In your paper, the algorithm is only applied to the nuPlan and PG datasets. So, can you adjust the reward function and termination conditions to fit the Waymo dataset?

By the way, the bug in the second problem should be fixed already. Could you pull the latest MetaDrive and enable show_sidewalk and show_crosswalk to see if it still happens?

The bug seems to be solved.

For the first problem, there is a key map_region_size in env_config which may address this issue by assigning it a larger value such as 1024. Also, if you are using topdown renderer, the clipping brought by film_size may result in this as well. A larger film size may address this as well. Please refer to for more details.

For the second problem, you can set horizion=300 or so on to terminate the environment so the environment step and reward won't increase forever.

For the third problem, I believe the reward function and termination condition can be generalized to the Waymo dataset. The problem that you can not get a good result could be

  1. The traffic can not react to ego car, which results in unreasonable collisions. Turn on reactive traffic to enable reactive traffic.
  2. The algorithm parameter may not be appropriate. Please refer to the settings here

Thanks. I'll try later.

I also tried for convenience, but I ran into problems with insufficient memory, so how could I reduce memory usage?
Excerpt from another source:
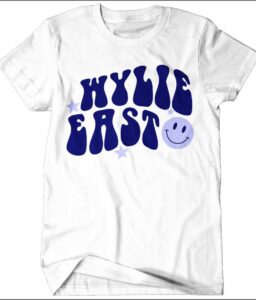 **REQUIRED** WYLIE EAST CHEER WHITE T-SHIRT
I have some problems with the PPO algorithm training:

  1. it seems strange that no result appears in the first 21500s, and then output the result every 250s;
  2. An error is reported during the training process: ValueError: Summary file is not found at /content/drive/MyDrive/mdsn/scenarionet/dataset/waymo_test/dataset_summary.pkl!
wandb: Synced TEST_aa36c_00000:
== Status ==
Memory usage on this node: 2.6/51.0 GiB
Using FIFO scheduling algorithm.
Resources requested: 0.0/8 CPUs, 0/0 GPUs, 0.0/26.95 GiB heap, 0.0/9.28 GiB objects
Result logdir: /content/drive/MyDrive/mdsn/scenarionet/experiment/TEST
Number of trials: 1 (1 ERROR)
| Trial name                               | status   | loc   |   seed |   iter |   total time (s) |     ts |   reward |   success |   coverage |   out |   max_step |   length |   level |
| MultiWorkerPPO_GymEnvWrapper_aa36c_00000 | ERROR    |       |      0 |     14 |          24023.6 | 728000 | -1.42022 |   0.48913 |     0.1152 | 0.125 |    0.38587 |  292.761 |      13 |
Number of errored trials: 1
| Trial name                               |   # failures | error file                                                                                                                              |
| MultiWorkerPPO_GymEnvWrapper_aa36c_00000 |            1 | /content/drive/MyDrive/mdsn/scenarionet/experiment/TEST/MultiWorkerPPO_GymEnvWrapper_aa36c_00000_0_seed=0_2024-02-15_05-54-21/error.txt |

== Status ==
Memory usage on this node: 2.6/51.0 GiB
Using FIFO scheduling algorithm.
Resources requested: 0.0/8 CPUs, 0/0 GPUs, 0.0/26.95 GiB heap, 0.0/9.28 GiB objects
Result logdir: /content/drive/MyDrive/mdsn/scenarionet/experiment/TEST
Number of trials: 1 (1 ERROR)
| Trial name                               | status   | loc   |   seed |   iter |   total time (s) |     ts |   reward |   success |   coverage |   out |   max_step |   length |   level |
| MultiWorkerPPO_GymEnvWrapper_aa36c_00000 | ERROR    |       |      0 |     14 |          24023.6 | 728000 | -1.42022 |   0.48913 |     0.1152 | 0.125 |    0.38587 |  292.761 |      13 |
Number of errored trials: 1
| Trial name                               |   # failures | error file                                                                                                                              |
| MultiWorkerPPO_GymEnvWrapper_aa36c_00000 |            1 | /content/drive/MyDrive/mdsn/scenarionet/experiment/TEST/MultiWorkerPPO_GymEnvWrapper_aa36c_00000_0_seed=0_2024-02-15_05-54-21/error.txt |

Sorry, I have no idea. It is something raised by Ray. How many workers are you using? Does this still persist if you only use one worker?

ERROR -- Log sync requires rsync to be installed.

Is the reason related to the lack of rsync in Windows?

Not sure. You can search related stuff in Ray's GitHub issue list.